March 25, 2019
Billy Ciancaglini, a criminal defense attorney from South Philadelphia who prefers blunt bravado to measured niceties, didn’t initially seem all too keen on sitting down to talk about his quest to become the 100th mayor in city history.
“Sure,” he responded to an interview request. “But you’re just going to claim everyone is a ‘Nazi’ anyway.”
Those words came at a time when the single 48-year-old man with no children was being branded as such by the Unicorn Riot independent-media website and a local activist that accuse him of meeting with members of a white-supremacist organization.
“It’s nonsense. It’s ridiculous and they all know it,” he said dismissively. “They can claim I’m a Martian. I can say that I’m not a Martian once. I can say that I’m not two or three times, but it gets to a point that I just stop answering. Just because they keep saying it doesn’t making me a Martian.
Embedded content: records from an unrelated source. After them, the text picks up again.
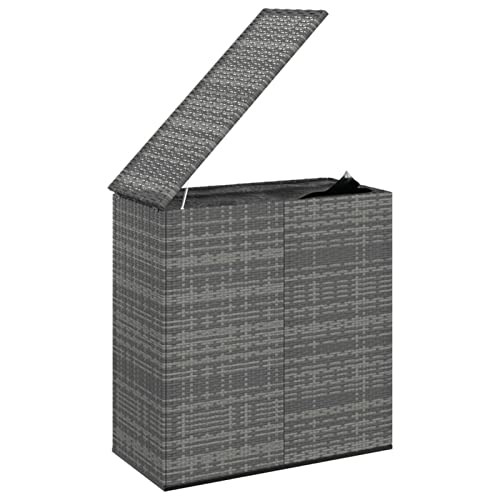 Gecheer Garten Aufbewahrungsbox Kissenbox Auflagenbox Kissentruhe Gartenbox mit Hubautomatik & Innenplane PE Rattan 100x49x103,5 cm Grau von Gecheer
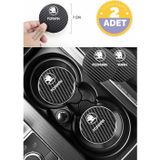 Kocamın Tasarımı Skoda Forman Modeline Özel Siyah Karbon Bardak Altlığı Skoda Armali Forman 2 Adet 7 cm Spor Şıklığı İçin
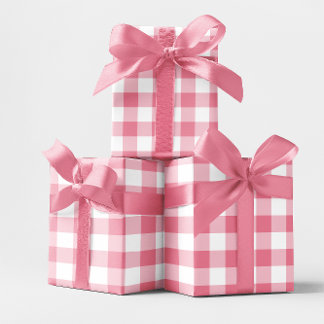 Papel De Regalo Cuadro de Gingham Rosa de 7,62 cm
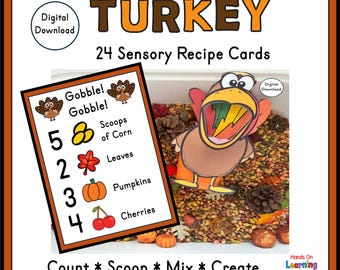 Feed the Turkey Sensory Bin Recipe Cards | Fall Counting Activity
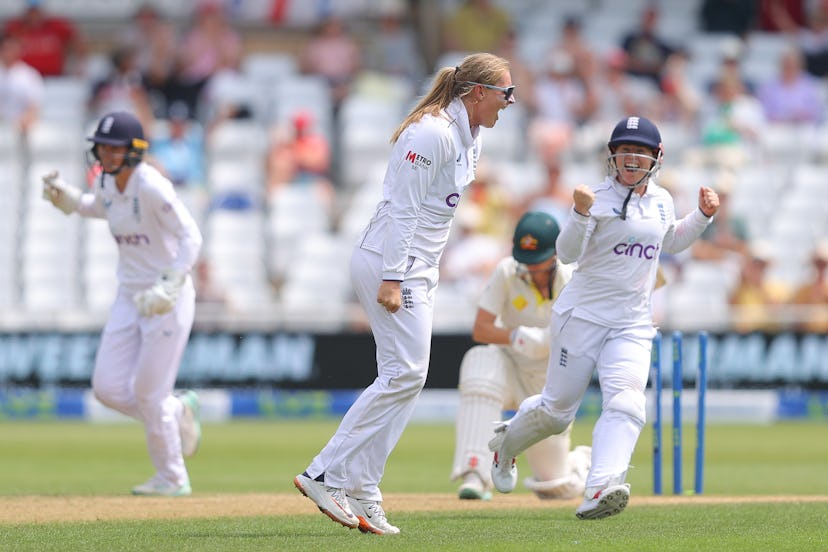 NOTTINGHAM, ENGLAND - JUNE 25: Sophie Ecclestone of England celebrates the wicket of Annabel Sutherl...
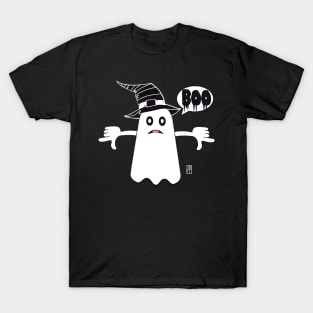 An unhappy ghost in a hat is saying BOO! Ghost Of Disapproval T-Shirt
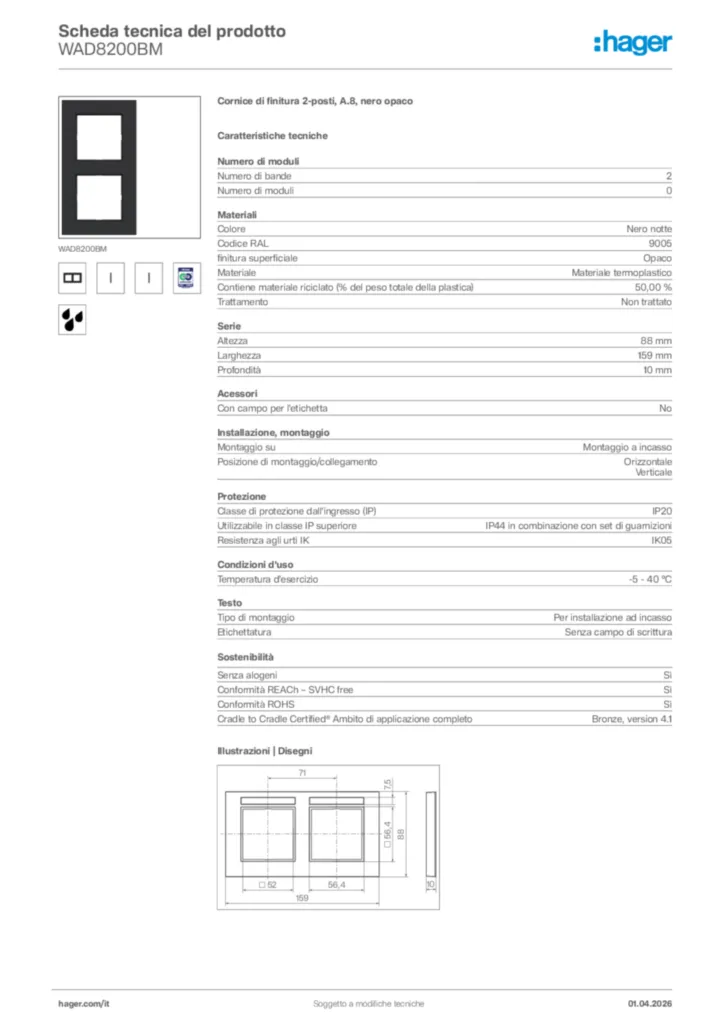 Immagine Hager Scheda tecnica del prodotto WAD8200BM | Hager Italia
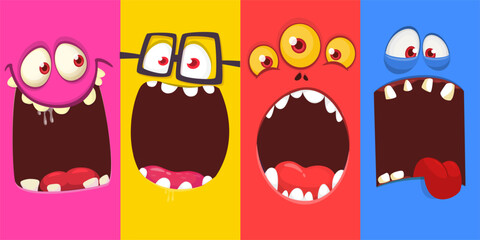 Cartoon monsters and aliens faces set with funny expressions and opened mouth blank space for text. Great for package design or party decoration. Vector isolated © drawkman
Same thing’s happening here.”
"Billy For Philly" just ordered the buffalo chicken tenders inside a raucous Chickie’s and Pete’s on Packer Avenue as the Auburn Tigers fended off the New Mexico State Aggies a couple hours into the first day of March Madness.
When it quiets to the point that he can be heard, Ciancaglini hearkened back to a “petition party" earlier this month.
The event came near the end of an ugly, heated intra-party battle for the GOP nomination that broke his way when the initial endorsed nominee, Daphne Goggins, dropped out because of a lack of signatures, among other issues.
Ciancaglini bit his tongue neither during nor after that battle with Goggins who, for a short time, was the city party’s first-ever endorsed African-American woman candidate.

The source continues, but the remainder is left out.